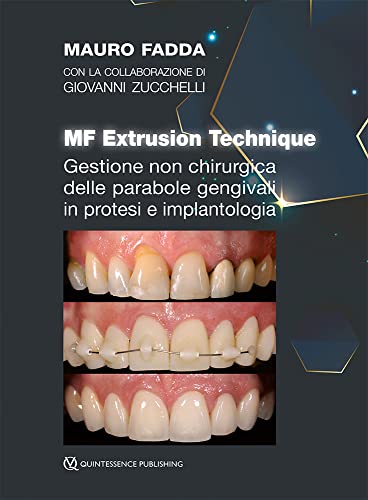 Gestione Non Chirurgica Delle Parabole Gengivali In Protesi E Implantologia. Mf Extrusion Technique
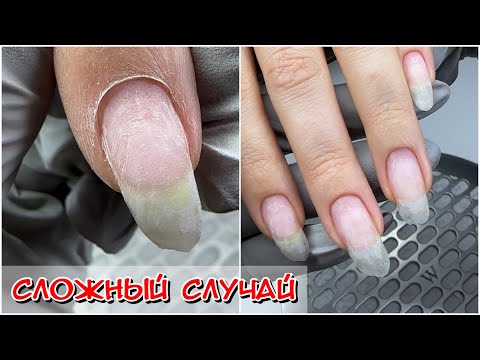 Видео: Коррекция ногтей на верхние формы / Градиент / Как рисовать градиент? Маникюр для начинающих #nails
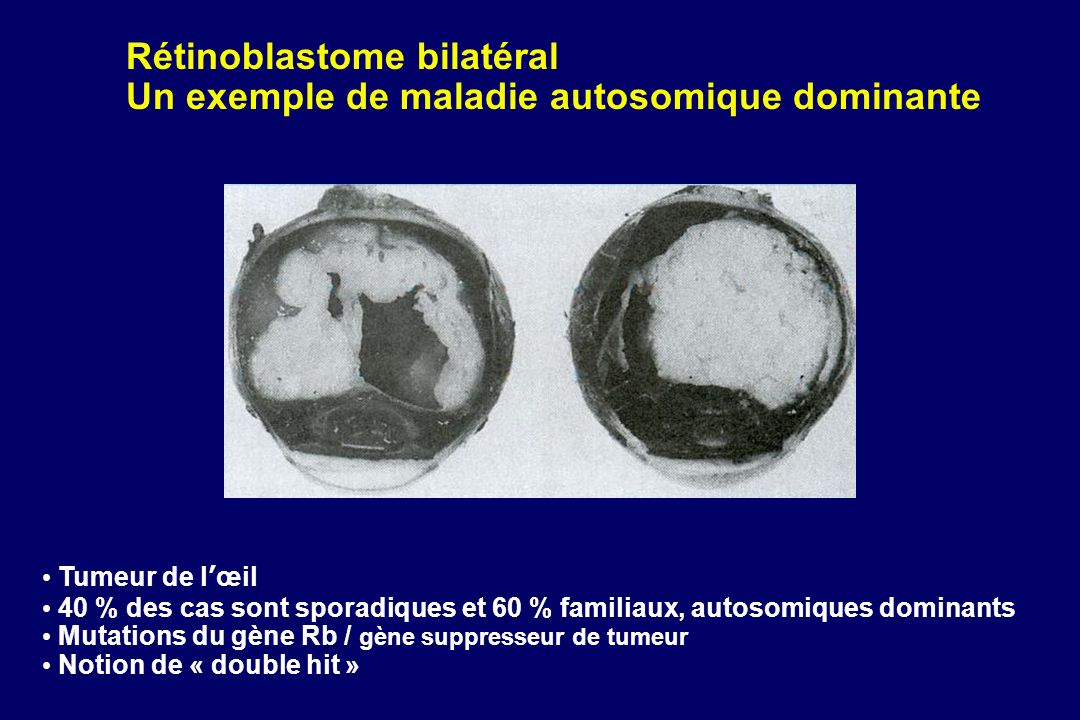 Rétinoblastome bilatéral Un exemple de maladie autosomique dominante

---

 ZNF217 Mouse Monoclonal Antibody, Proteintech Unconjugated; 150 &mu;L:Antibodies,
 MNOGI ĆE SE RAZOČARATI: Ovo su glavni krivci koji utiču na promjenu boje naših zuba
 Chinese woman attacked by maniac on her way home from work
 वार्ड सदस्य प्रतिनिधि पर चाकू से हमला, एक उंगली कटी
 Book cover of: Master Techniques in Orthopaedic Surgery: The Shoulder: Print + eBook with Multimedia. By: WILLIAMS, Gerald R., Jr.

* _Assignment_
Using the records above, return verbatim only the part that opens with the line containing "Gestione Non Chirurgica" and closes with the line containing "Rétinoblastome bilatéral Un"; pictures stay out.

* _Exercise output_
 Gestione Non Chirurgica Delle Parabole Gengivali In Protesi E Implantologia. Mf Extrusion Technique
 Видео: Коррекция ногтей на верхние формы / Градиент / Как рисовать градиент? Маникюр для начинающих #nails
 Rétinoblastome bilatéral Un exemple de maladie autosomique dominante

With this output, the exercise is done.